About music as an escape route during Covid-19

Covid has slowed everything down. And it felt good to slow down, to be at home with my kids and my wife – to have nothing to do and places to go and things to see.

So that really is a Covid record. There’s no getting up and moving on with this record; It’s like slow songs for fast times.

And for better or worse, I wrote these songs as a meditative exercise, at night after a day with the kids as a father and husband. It was my own kind of coping mechanism, with all the anxiety that comes with it.

I felt the need to just be in the music to calm down and center myself. Just playing, strumming did me so good – and just letting things come out. With the restrictions and fear around Covid, I feel like I need calming songs.

Thematically, many of the lyrics reflect on friends in different life situations – love interests or relationships that don’t work out the way you imagined. And what that means, especially as you get older, is that things don’t end up the way you expected.

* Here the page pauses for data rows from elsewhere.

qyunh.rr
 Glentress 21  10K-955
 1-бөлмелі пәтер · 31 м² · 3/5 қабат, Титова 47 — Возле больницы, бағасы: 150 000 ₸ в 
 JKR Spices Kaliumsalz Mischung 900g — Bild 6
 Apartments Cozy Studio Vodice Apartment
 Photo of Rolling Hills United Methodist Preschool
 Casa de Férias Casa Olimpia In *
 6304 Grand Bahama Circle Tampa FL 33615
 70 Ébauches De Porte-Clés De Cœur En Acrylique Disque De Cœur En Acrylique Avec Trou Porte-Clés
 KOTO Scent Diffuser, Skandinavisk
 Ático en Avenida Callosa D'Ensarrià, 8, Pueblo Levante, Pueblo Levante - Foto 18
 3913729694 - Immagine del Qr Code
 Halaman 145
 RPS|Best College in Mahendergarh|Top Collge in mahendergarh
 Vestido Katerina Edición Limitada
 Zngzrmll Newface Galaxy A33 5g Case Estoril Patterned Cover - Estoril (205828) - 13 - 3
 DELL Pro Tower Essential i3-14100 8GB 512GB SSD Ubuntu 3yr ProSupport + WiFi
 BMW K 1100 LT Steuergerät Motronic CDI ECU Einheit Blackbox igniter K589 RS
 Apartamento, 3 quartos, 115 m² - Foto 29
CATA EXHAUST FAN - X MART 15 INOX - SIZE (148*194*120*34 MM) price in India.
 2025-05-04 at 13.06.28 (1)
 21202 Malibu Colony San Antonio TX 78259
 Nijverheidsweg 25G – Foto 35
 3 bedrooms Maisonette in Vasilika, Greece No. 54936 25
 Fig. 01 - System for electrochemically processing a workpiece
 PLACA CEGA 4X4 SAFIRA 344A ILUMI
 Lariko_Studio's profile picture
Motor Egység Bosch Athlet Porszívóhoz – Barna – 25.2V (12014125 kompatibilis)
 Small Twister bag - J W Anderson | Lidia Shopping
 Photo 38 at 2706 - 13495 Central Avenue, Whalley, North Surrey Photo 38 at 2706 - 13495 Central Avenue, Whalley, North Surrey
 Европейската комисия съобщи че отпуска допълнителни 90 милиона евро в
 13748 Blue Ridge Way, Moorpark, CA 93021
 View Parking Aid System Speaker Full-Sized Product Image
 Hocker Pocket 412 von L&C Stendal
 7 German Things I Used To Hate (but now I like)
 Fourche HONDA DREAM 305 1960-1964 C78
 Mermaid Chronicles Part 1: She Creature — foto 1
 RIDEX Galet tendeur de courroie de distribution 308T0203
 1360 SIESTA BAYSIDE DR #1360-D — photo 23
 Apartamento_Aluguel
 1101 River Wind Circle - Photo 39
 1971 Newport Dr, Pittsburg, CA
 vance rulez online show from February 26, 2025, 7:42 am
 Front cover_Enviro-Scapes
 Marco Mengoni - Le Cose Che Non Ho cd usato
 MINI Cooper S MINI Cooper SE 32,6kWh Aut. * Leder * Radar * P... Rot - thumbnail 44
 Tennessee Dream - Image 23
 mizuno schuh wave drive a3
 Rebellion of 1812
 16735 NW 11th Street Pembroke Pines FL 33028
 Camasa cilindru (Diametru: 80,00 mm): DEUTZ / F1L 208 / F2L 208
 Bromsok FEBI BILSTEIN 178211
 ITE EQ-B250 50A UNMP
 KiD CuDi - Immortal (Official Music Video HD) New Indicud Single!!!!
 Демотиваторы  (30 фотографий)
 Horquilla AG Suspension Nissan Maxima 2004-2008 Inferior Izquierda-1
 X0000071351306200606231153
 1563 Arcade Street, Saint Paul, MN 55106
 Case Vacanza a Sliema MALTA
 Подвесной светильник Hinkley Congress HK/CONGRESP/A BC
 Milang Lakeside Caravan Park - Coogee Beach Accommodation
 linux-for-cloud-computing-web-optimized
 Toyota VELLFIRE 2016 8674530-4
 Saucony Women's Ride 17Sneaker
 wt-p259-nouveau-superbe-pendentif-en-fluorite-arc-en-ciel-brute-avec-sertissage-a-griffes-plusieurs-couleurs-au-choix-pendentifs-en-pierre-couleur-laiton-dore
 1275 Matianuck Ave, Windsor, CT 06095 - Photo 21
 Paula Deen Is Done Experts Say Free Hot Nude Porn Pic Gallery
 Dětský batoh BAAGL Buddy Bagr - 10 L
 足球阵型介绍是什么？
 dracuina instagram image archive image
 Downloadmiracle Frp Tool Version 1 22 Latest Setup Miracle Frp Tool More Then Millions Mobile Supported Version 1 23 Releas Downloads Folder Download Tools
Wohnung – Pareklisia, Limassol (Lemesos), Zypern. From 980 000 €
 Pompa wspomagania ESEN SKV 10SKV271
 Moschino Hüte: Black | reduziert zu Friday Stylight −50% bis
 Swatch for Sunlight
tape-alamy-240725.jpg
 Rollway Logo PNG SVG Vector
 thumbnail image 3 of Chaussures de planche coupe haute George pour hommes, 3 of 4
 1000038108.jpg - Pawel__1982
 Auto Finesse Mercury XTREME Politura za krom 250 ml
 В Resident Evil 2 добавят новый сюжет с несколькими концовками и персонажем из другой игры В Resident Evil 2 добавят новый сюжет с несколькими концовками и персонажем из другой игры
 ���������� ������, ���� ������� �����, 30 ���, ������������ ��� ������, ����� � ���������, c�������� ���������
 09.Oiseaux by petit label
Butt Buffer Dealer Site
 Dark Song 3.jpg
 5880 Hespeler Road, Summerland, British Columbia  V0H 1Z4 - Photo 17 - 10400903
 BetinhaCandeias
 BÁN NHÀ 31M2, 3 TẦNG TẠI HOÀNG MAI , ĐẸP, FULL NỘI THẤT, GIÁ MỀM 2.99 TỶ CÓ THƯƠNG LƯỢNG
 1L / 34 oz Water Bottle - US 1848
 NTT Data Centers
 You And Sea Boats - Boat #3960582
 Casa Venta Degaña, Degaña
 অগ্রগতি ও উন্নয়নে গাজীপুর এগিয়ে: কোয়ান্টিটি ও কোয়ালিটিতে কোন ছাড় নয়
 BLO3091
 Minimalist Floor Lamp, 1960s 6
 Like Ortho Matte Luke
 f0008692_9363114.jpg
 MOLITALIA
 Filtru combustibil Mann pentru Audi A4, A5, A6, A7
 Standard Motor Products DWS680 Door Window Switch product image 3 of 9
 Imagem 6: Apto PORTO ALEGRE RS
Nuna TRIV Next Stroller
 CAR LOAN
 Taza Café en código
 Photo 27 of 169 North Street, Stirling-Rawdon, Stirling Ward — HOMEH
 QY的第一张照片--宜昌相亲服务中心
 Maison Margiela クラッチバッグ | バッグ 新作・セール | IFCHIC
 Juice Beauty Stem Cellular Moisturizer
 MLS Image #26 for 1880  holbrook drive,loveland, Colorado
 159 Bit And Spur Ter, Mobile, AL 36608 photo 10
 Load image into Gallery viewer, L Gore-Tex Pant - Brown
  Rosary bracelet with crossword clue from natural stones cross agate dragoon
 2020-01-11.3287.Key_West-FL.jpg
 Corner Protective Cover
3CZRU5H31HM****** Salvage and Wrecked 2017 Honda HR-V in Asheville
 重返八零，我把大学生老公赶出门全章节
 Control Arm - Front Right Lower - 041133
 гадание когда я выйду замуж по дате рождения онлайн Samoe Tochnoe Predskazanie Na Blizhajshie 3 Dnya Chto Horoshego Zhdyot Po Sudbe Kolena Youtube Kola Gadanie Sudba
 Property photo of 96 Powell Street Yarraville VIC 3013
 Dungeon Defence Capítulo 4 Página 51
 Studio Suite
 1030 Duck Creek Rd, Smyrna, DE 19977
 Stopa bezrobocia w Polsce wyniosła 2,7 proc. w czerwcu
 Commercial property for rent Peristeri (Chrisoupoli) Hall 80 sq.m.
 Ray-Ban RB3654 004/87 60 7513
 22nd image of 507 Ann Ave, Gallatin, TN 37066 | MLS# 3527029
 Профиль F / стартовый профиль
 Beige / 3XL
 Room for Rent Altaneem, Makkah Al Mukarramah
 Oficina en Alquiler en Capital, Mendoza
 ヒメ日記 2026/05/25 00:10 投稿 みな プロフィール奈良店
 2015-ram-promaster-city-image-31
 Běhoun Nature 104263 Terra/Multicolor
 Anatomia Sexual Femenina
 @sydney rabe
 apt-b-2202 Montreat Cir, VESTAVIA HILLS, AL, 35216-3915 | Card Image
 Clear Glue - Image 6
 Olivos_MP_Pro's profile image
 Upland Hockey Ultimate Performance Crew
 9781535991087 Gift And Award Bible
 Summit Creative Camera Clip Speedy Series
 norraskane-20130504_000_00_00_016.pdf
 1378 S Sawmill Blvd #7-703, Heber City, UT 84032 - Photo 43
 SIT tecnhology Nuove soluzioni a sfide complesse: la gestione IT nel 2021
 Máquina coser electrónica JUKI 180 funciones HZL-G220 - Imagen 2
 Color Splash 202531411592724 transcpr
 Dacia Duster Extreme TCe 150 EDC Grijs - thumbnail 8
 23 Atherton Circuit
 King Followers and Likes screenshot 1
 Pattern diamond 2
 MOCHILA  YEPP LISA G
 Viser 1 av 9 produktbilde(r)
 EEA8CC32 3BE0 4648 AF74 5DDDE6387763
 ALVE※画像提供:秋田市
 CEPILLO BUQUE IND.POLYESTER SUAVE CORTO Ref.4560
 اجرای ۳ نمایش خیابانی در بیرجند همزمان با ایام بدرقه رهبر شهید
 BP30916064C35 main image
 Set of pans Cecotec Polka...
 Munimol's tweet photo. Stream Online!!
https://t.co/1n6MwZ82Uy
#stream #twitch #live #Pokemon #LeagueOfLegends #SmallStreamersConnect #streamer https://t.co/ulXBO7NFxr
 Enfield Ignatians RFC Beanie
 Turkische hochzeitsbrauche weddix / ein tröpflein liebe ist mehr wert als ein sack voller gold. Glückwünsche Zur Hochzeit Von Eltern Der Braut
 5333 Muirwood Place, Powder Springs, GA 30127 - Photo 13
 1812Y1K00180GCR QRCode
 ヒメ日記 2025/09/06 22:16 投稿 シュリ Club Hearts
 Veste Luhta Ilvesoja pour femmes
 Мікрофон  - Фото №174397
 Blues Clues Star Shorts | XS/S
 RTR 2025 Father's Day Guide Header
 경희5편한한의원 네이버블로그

Then I thought about my grandfather, my elders, people who have already passed away and how they still influence us from outside of this realm, if that is happening at all.

I guess you could say I also wrote songs for my kids to give insights – not so much like lessons but things to think about.

I just caught myself thinking about friends and family that I haven’t seen in years and who are very close to my heart. I think that’s a good way of putting it: this was a way of contacting people without being able to physically contact them.